During the work session, board members had questioned whether it was wise to approve that contract without knowing whether in-person classes would resume in the fall for Minnesota schools, because they can’t predict whether or not COVID-19 will still be a major threat by then.
Both Buytaert and Sandman voted against giving one-time stipends of $5,000 each to two teachers that “went above and beyond” to help fellow teachers transition to online learning after the governor’s order, in a vote that passed 4-2.
A vote to hire a full-time special education case manager at the high school level passed 5-1, with Buytaert dissenting. The longtime school board member said he felt like the district invests a lot of money in kids that fall in the lower half of the academic spectrum, and keeps cutting programs for higher achievers, like orchestra, a full-time gifted and talented program coordinator and now the only remaining librarian.

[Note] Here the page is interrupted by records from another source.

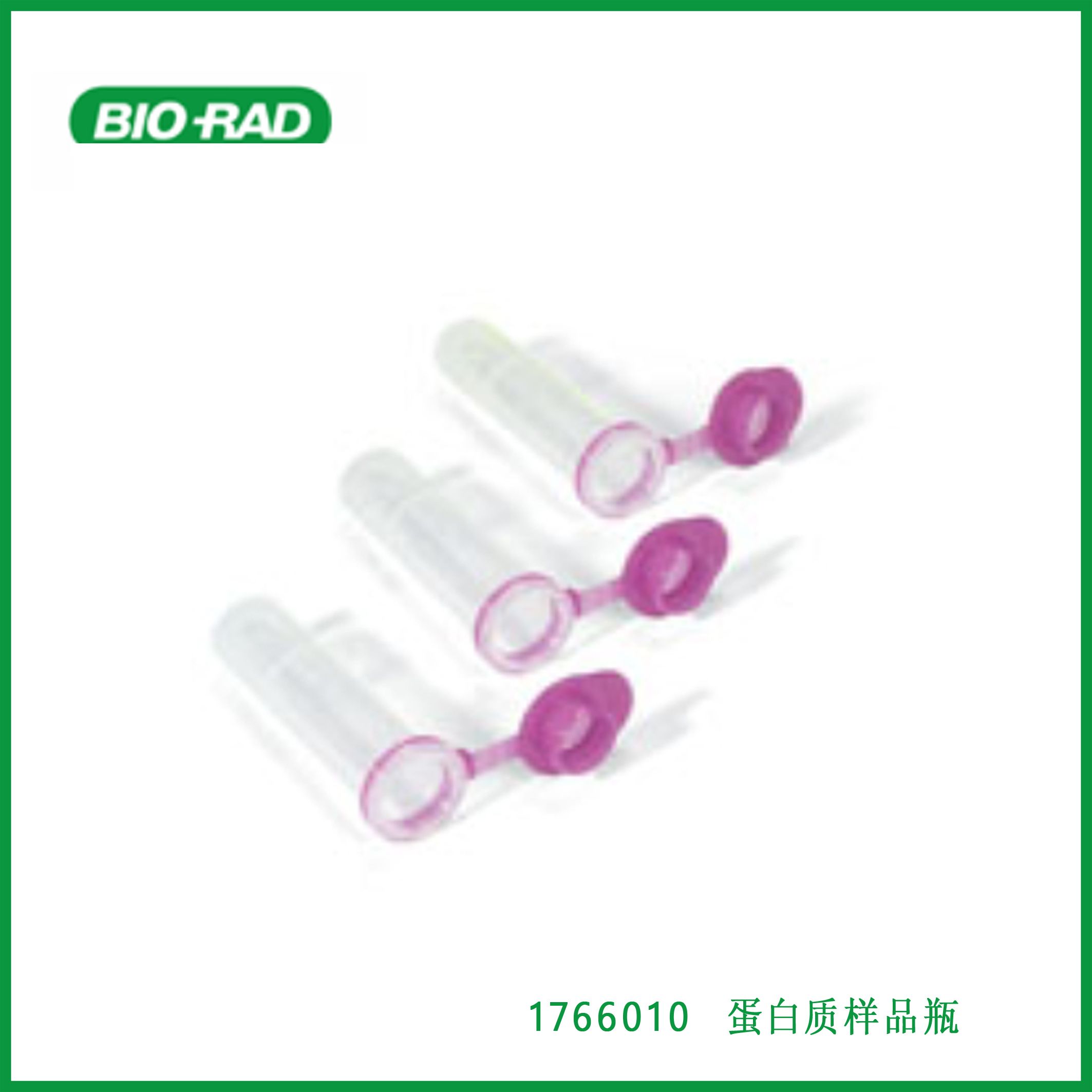 伯乐Bio-Rad1766010ProteOn Sample Vials,  ProteOn蛋白质样品瓶，现货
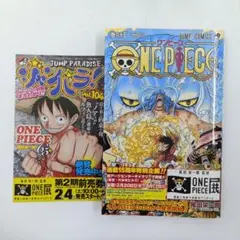 【初版】【帯付き】ONE PIECE 65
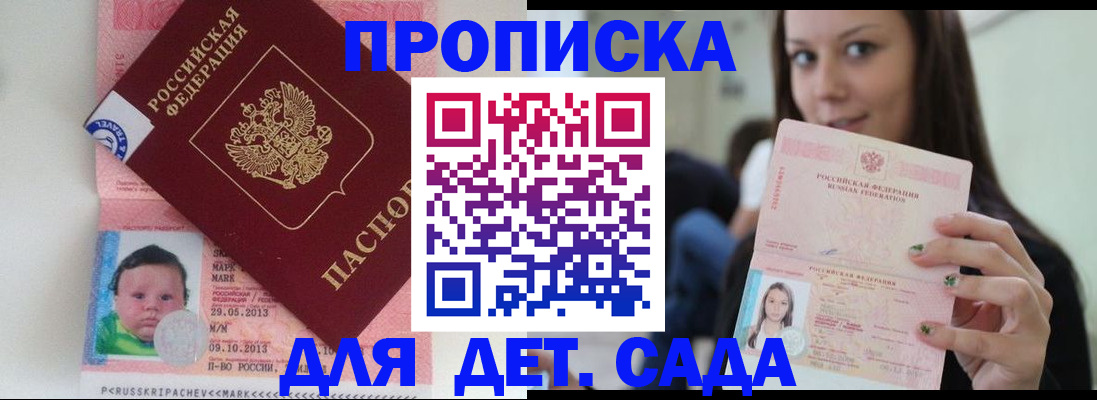 прописка штамп в Алагире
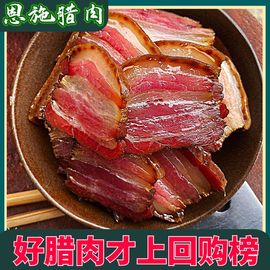 湖北恩施特产农家自制烟熏腊肉，猪脚湖南湘西贵州香肠四川正宗五花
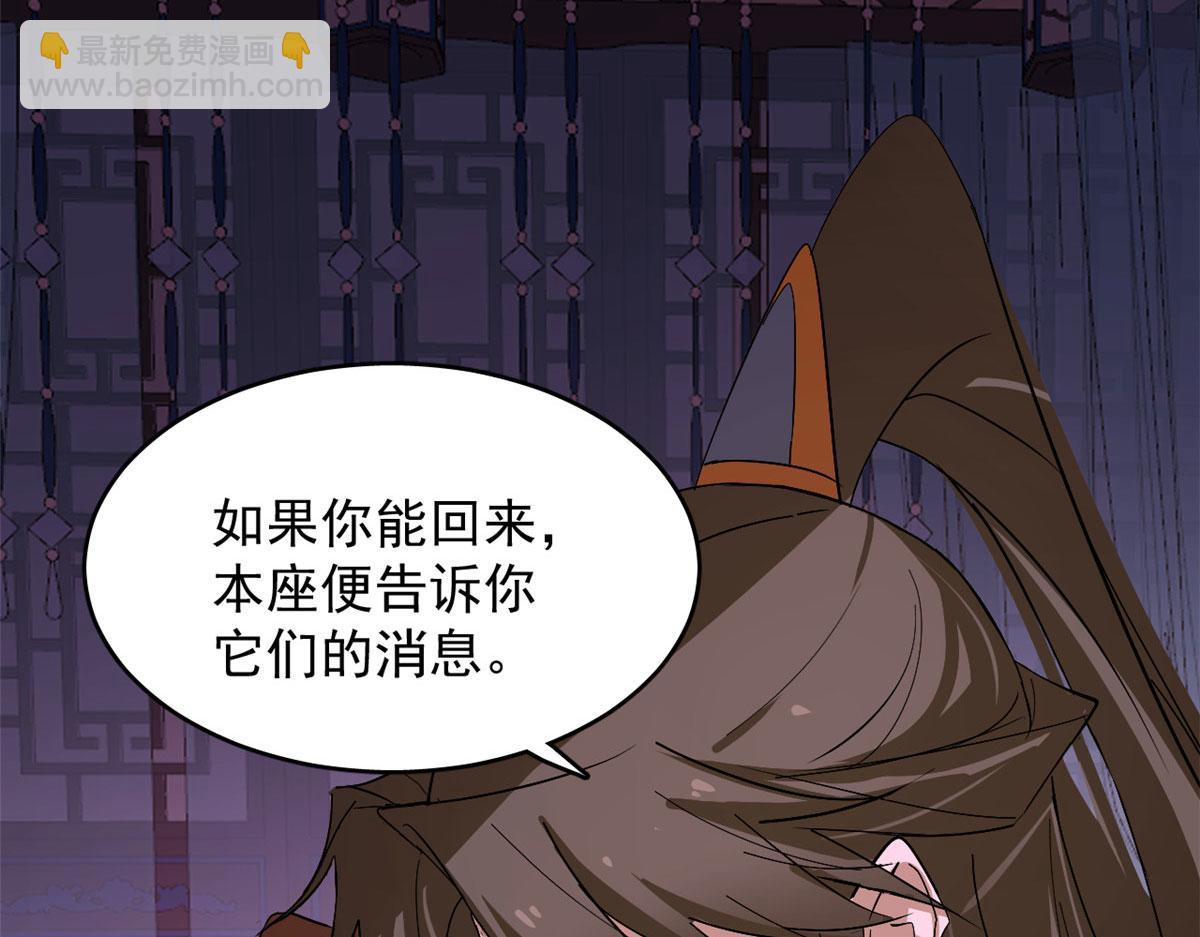 第277话98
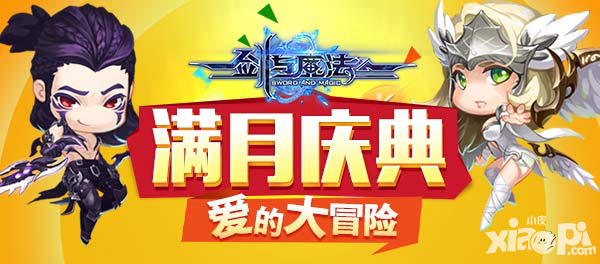 劍與魔法手游滿月慶典活動(dòng) 愛的大冒險(xiǎn)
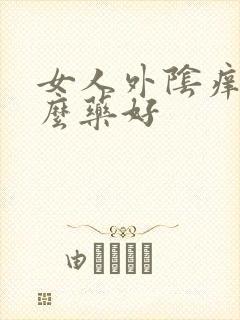 女人外阴痒用什么药好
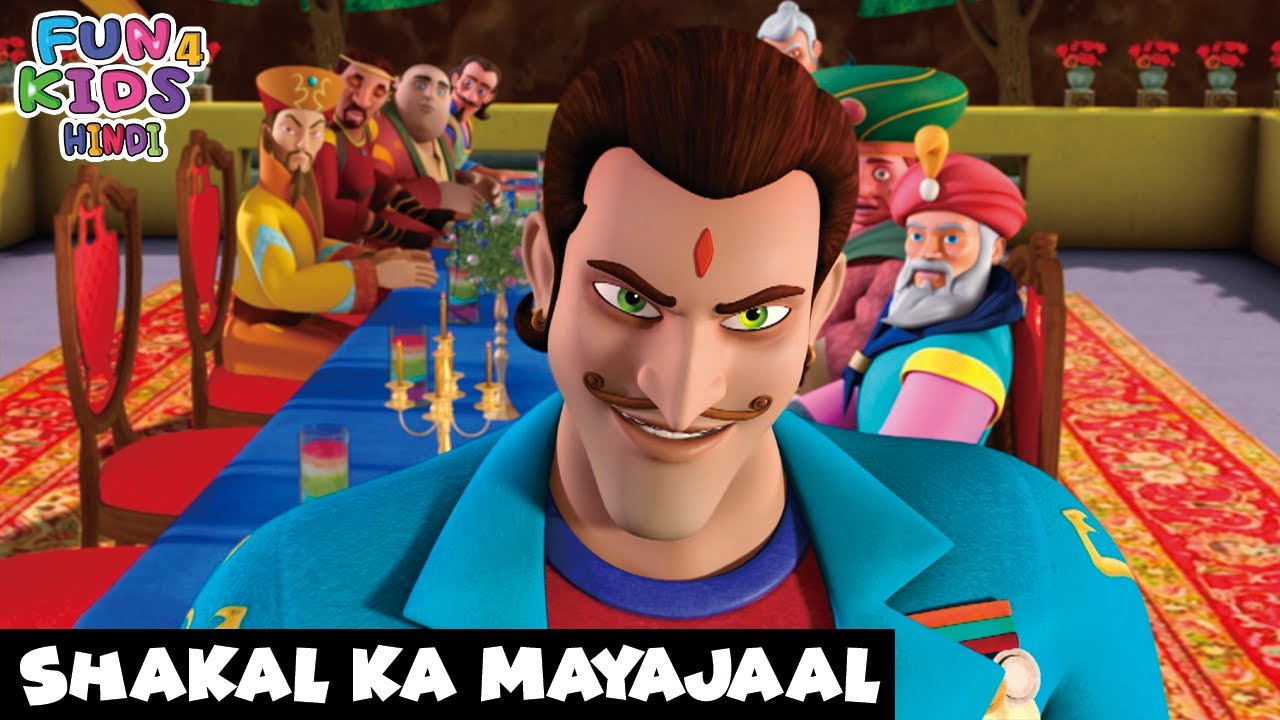 Rudra | रुद्र | Shakal Ka Mayajaal | Super Action Cartoon | Full Episode 23 | #Fun4Kids-Hindi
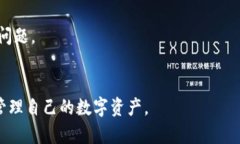 jiaotiTokenim钱包账户余额截图 - 如何查看和管理你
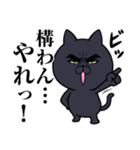 目ヂカラ★にゃんこ【黒猫】（個別スタンプ：35）
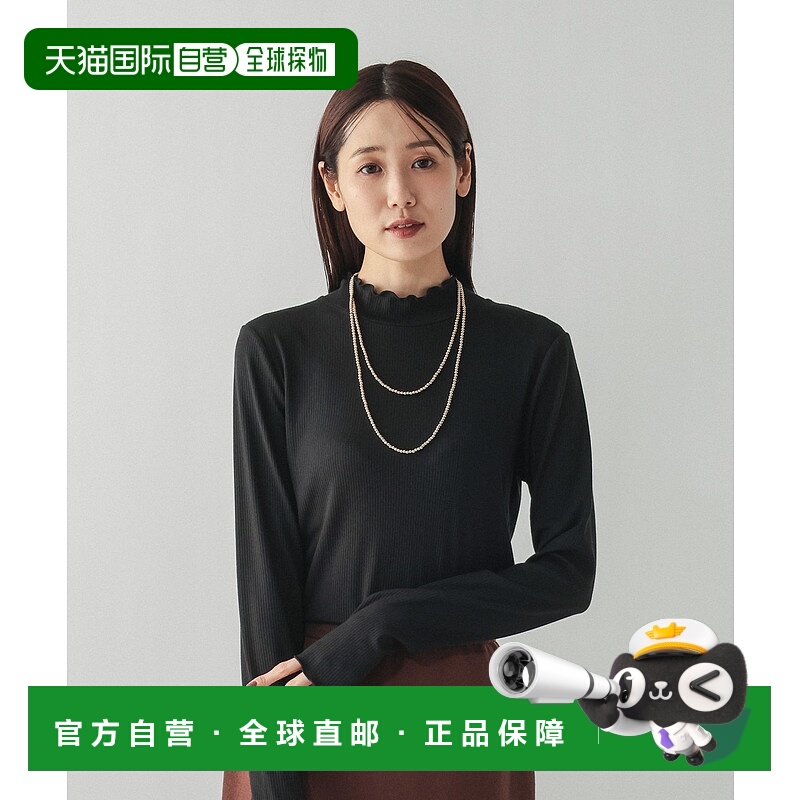 1h可退 日本直邮GLOBAL WORK 女装 吸湿发热 弹力高领长袖T恤 612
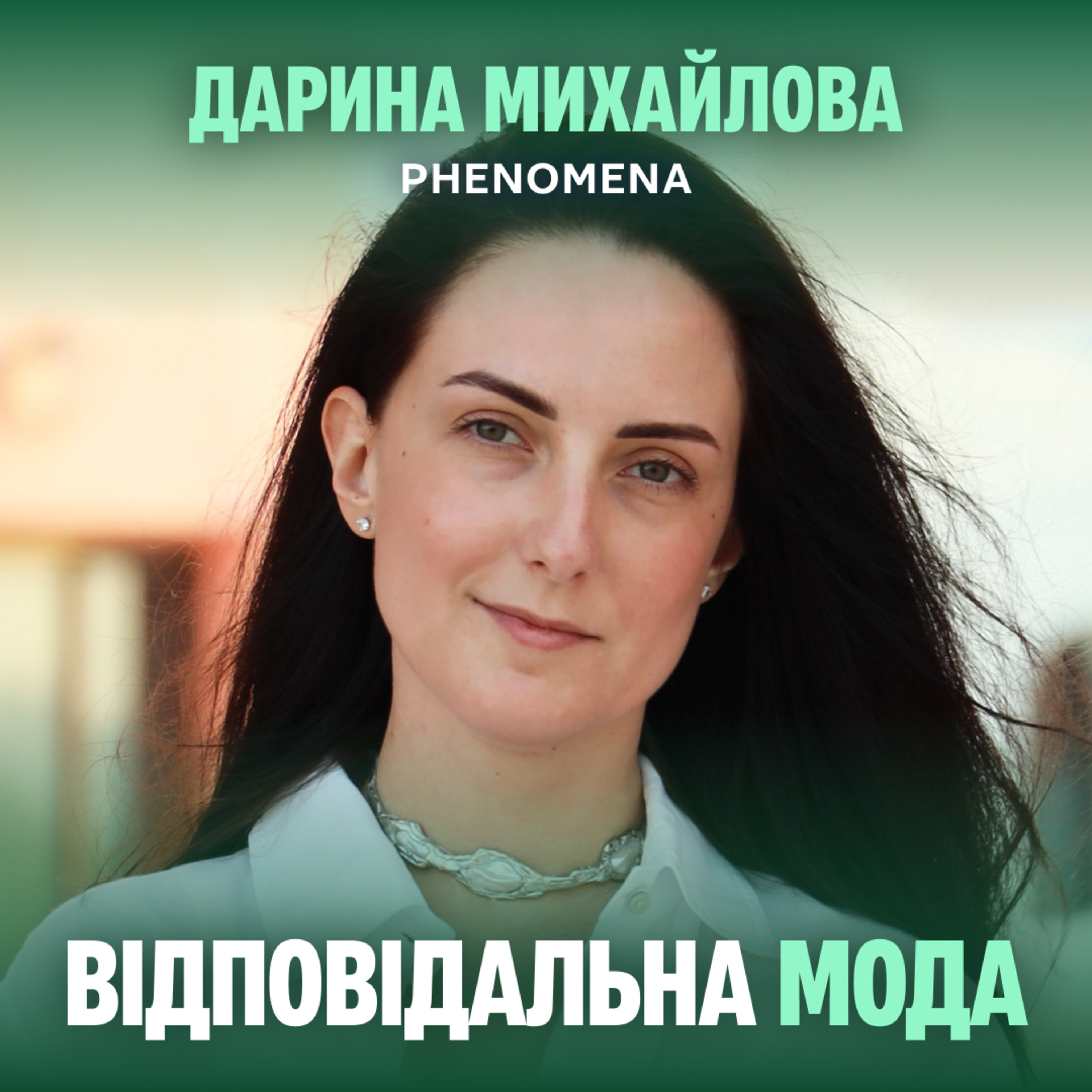 Phenomena: slow fashion по-українськи episode artwork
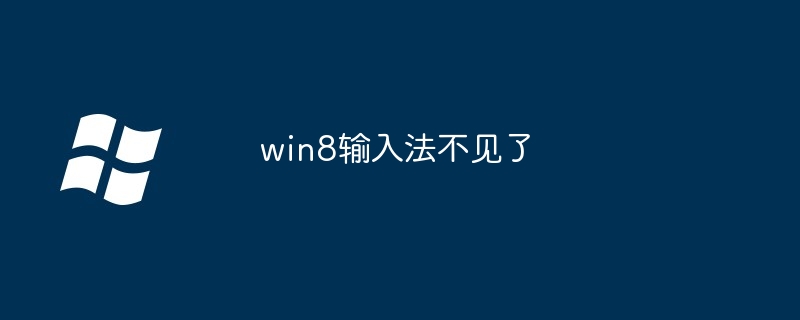 win8输入法不见了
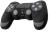 Polštář - PlayStation DualShock 45 x 32 cm Polštář - PlayStation DualShock 45 x 32 cm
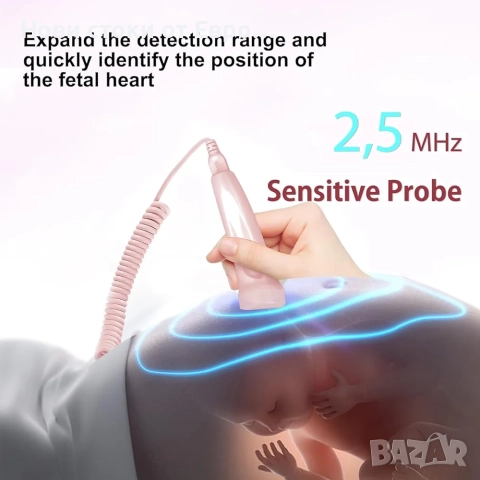 Mini фетален доплеров сърдечен монитор за бременност, снимка 4 - Друга електроника - 52450672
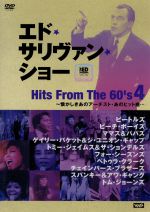 -エド・サリヴァンpresents-ヒッツ・フロム・60s(4)~懐かしきあのアーチスト・あのヒット曲・・・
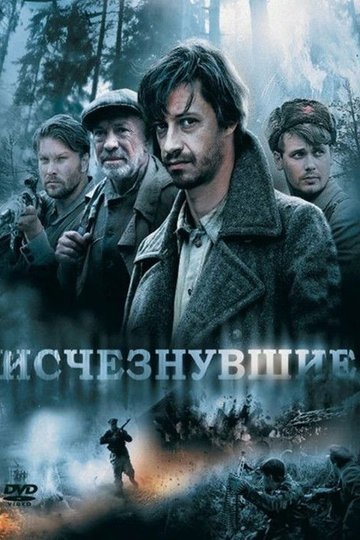 Locandina di Исчезнувшие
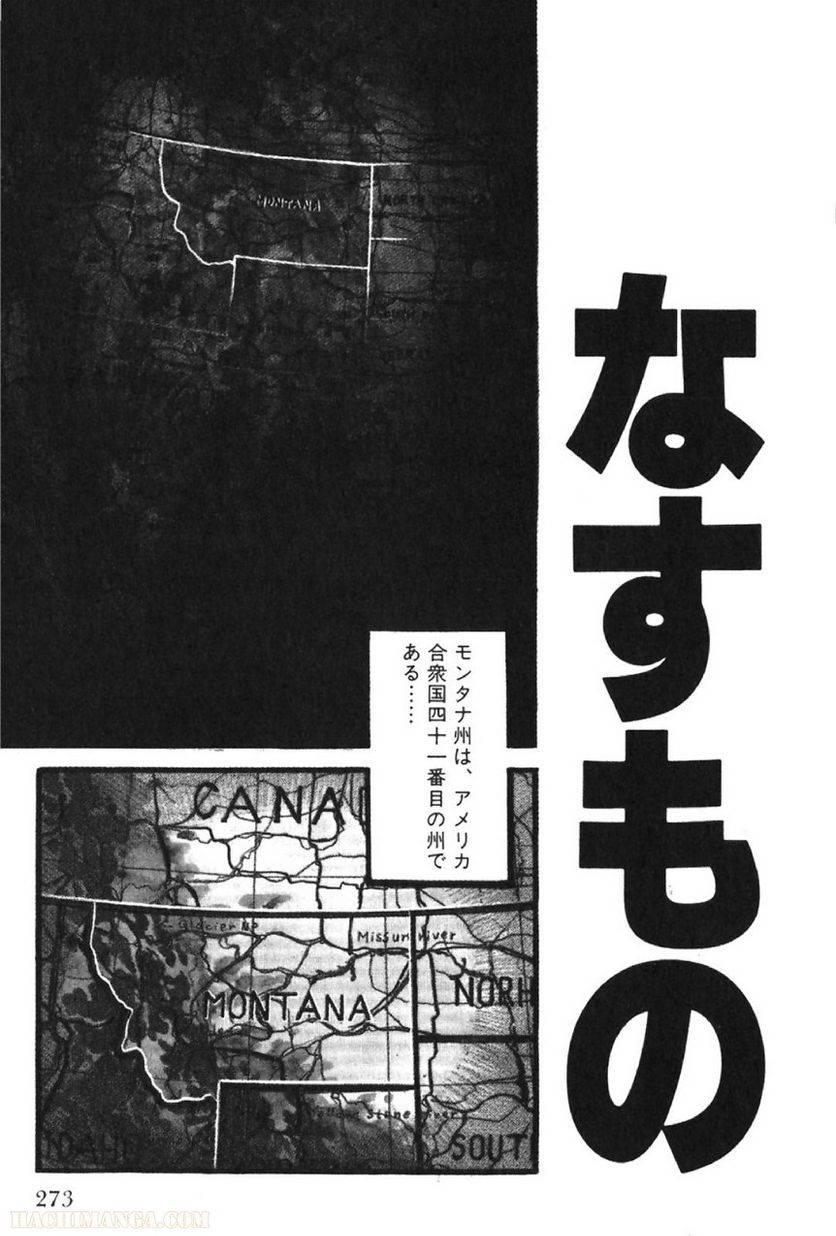 Page 273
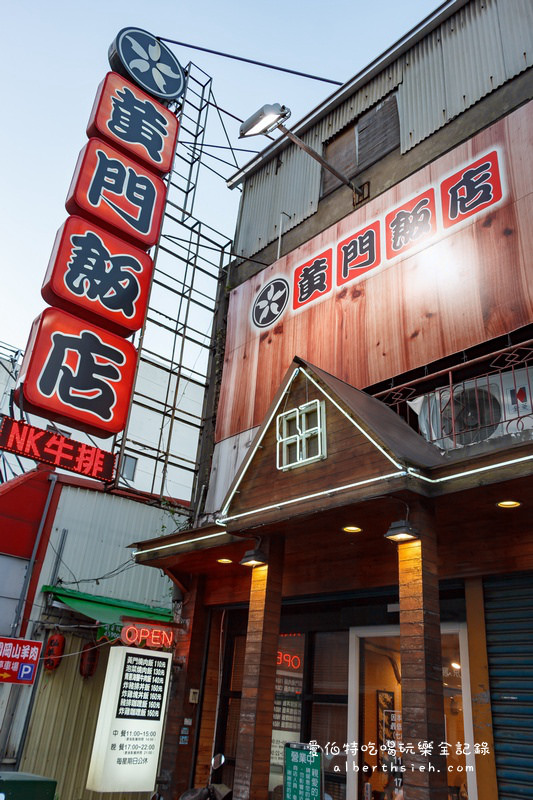 黃門飯店．桃園蘆竹美食（超人氣CP值高的南崁燒肉飯） @愛伯特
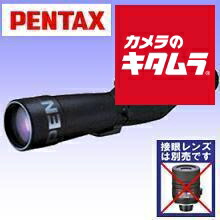 PENTAX - お値下げ！PENTAX  PF-100ED スポッティングスコープとアイピース 楽天市場】PENTAX スポッティングスコープ PF－100EDの通販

“Someone needs to be a voice for those kids too,” he said. “We might lose some [academically gifted] kids after distance learning, as we cut the number of teachers and teachers that are well liked. It’s hard to swallow those cuts.”
Crowley suggested the district consider cutting administrators rather than teachers.
Board chair Ted Lammi said school districts wouldn’t face such huge hikes in insurance if there was nationalized healthcare.
Last year the district rehired almost every paraprofessional whose contract hadn’t been renewed, when student needs grew. All of those positions were cut again for next year on Monday, but things can change.
“With all of this we’re just doing our best job estimating,” Cary said, pointing out that they will have better numbers in June. “What really happens versus what does happen, usually we’re pretty close. Last year we were off by $1,000. That’s pretty great with a $30 million operating budget.”
Before COVID hit, he said the district was on the same trajectory. “We felt like we made a pretty good estimate (for this school year), but now we’ll have to see,” he said. “It could swing into the negative for us or, if they come up with new aid and new revenue streams, it could come up positive.”
Cary said the federal CARES Act also includes money for schools, but no one knows how much money each district will get yet, as it will be dispersed by the state once the federal funds are available.